Gets all 4 report from radon and aggregates them into a single blob object.

Parameters

fullpath (str or Path) – Python file or directory of python files.

Returns

Radon report blob.

Return type

dict

static _get_raw_metrics_dataframe(report)[source]

Converts radon raw metrics report into a pandas DataFrame.

Parameters

report (dict) – Radon report blob.

Returns

Raw metrics DataFrame.

Return type

pandas.DataFrame

property cyclomatic_complexity_metrics

pandas.DataFrame: DataFrame of radon cyclomatic complexity metrics.

property data

pandas.DataFrame: DataFrame of all radon metrics.

property halstead_metrics

pandas.DataFrame: DataFrame of radon Halstead metrics.

property maintainability_index

pandas.DataFrame: DataFrame of radon maintainability index metrics.

property raw_metrics

pandas.DataFrame: DataFrame of radon raw metrics.

property report

dict: Dictionary of all radon metrics.

write_plots(fullpath)[source]

Writes metrics plots to given file.

Parameters

fullpath (Path or str) – Target file.

Returns

self.

Return type

RadonETL

write_tables(target_dir)[source]

Writes metrics tables as HTML files to given directory.

Parameters

target_dir (Path or str) – Target directory.

Returns

self.

Return type

RadonETL

app

rolling_pin.app.get_svg(data='<required>', layout='dot', orthogonal_edges=False, orient='tb', color_scheme=None)[source]

Generate a SVG string from a given JSON blob.

Parameters
  • data (dict or list) – JSON blob.

  • layout (str, optional) – Graph layout style. Options include: circo, dot, fdp, neato, sfdp, twopi. Default: dot.

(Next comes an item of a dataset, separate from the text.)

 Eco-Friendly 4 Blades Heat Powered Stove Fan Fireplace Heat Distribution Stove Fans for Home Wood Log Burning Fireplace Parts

  • orthogonal_edges (bool, optional) –

    Whether graph edges should have

    non-right angles. Default: False.

    orient (str, optional): Graph layout orientation. Default: tb.

    Options include:

    • tb - top to bottom

    • bt - bottom to top

    • lr - left to right

    • rl - right to left

    color_scheme: (dict, optional): Color scheme to be applied to graph.

    Default: rolling_pin.tools.COLOR_SCHEME

Returns

SVG string.

Return type

str

rolling_pin.app.index()[source]
rolling_pin.app.to_svg()[source]

Endpoint for converting a given JSON blob into a SVG graph.